第四,创新研究中的某些目标和政策选择间的逻辑链条并非总能成立。比如,缺乏创新激励,就诉诸产权明晰;创新有风险,就搞风险投资公司;强化中间实验,得建中试基地;企业技术能力弱,须组建R&D机构;要使高技术产业化,可以搞园区……最后免不了优惠政策。事实上,产权明晰并非激励机制形成的唯一条件,模糊产权亦能带来动力;风险投资公司只能解决有限的“激进创新”的风险分担问题,而大量的渐进创新和工艺创新(这些对中国尤为重要)却不一定要风险投资公司的介入。弗里德曼曾说,美国高风险的创新活动“几乎一成不变地是由为数很少的几个人来提供资金的:他们以他们自己的资金或者他们的亲戚朋友的资金来冒险”。([(7)],p.37)事实上,在西方发达国家,企业如果不进行创新,那才是件冒风险的事、至于中间实验,它确是创新的必经环节,但把它“实体化”为一个基地,是否就是一种优化的选择?现实中的不少中试基地,往往成为一种以自我为中心的封闭结构,其结果甚至与初衷相悖,造成这种状况的原因又何在呢?企业建立R&D机构当然不失为必要的选择,但问题在于不少企业的科技人才却处在闲置状态。在某些高科技园区,真正的高技术也并不一定“热门”,这又是为什么?

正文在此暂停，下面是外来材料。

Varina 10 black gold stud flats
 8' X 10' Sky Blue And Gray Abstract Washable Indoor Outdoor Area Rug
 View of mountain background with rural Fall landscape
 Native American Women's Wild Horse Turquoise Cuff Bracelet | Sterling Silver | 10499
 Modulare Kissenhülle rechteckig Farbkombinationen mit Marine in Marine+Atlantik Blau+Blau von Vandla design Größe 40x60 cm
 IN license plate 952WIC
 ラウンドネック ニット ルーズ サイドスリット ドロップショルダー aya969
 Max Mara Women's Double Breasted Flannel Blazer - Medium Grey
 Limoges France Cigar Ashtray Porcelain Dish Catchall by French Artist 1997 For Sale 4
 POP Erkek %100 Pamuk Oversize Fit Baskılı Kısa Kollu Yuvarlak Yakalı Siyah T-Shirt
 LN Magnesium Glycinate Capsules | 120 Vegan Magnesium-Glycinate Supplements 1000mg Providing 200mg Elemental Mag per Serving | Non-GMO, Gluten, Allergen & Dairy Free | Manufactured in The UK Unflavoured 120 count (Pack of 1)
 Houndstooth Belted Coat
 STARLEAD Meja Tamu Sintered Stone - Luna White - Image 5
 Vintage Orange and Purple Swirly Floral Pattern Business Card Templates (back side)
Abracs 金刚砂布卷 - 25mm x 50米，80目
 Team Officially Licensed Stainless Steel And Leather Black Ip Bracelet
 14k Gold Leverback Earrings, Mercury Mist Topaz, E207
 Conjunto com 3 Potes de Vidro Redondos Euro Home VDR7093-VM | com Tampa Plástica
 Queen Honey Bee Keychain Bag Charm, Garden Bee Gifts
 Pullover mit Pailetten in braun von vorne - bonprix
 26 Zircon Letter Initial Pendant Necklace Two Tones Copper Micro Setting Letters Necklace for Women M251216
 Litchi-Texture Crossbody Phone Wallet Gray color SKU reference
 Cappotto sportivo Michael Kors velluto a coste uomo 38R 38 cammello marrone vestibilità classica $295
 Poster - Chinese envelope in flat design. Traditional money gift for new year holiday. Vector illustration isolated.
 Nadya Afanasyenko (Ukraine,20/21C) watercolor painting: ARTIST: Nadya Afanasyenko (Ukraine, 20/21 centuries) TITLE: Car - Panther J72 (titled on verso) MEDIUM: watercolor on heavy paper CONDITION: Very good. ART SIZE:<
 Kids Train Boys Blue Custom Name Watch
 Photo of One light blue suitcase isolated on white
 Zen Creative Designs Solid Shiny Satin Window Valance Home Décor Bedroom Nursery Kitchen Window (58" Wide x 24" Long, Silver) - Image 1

第五,我们提出过不少“一体化”命题,如产学研一体化。技工贸一体化等,但关键在于如何才能真正实现一体化并使它也能体现出社会分工的专业化效益?
第六,一些创新研究往往具有“科技推动型”色彩:给定一项技术,然后去研究小试、中试、批量生产乃至市场销售等各环节面临的问题。也许更重要的是另一种型式:从企业出发、面向需求的创新研究。
以上考虑无非想说明两个问题:一是技术创新开展不力有其必然性和合理性;二是,现存经济体制所提供的激励结构尚不能带来强大的创新激励。因此,深化制度创新与技术创新的研究就成为了一项迫切的课题。
1.2 历史与现实的问题
技术创新问题决不是改革开放以来才发现的新问题。实际上,科技与经济的结合,是早在建国之初就已提出的科技工作基本方针;各地还开展过群众性的“技术革新”和“技术革命”运动;强调对企业的技术改造,开展过设计革命,并总结出了“研究、试验、设计、制造、检验、安装、使用”七事一贯制的设计方针,也很注意技术引进与自主开发的关系;重视生产现场,实行过“现场中心主义”;注重专业化生产和协作,发挥规模经济效益;还曾提倡传统技术与高新技术的结合等等。[(5)]可以说,几乎所有关于技术创新的重大问题都在改革开放前就曾有所涉及。但由于政治导向、行政干预以及自相矛盾的技术观,使科技—经济的有机结合成了一句空话。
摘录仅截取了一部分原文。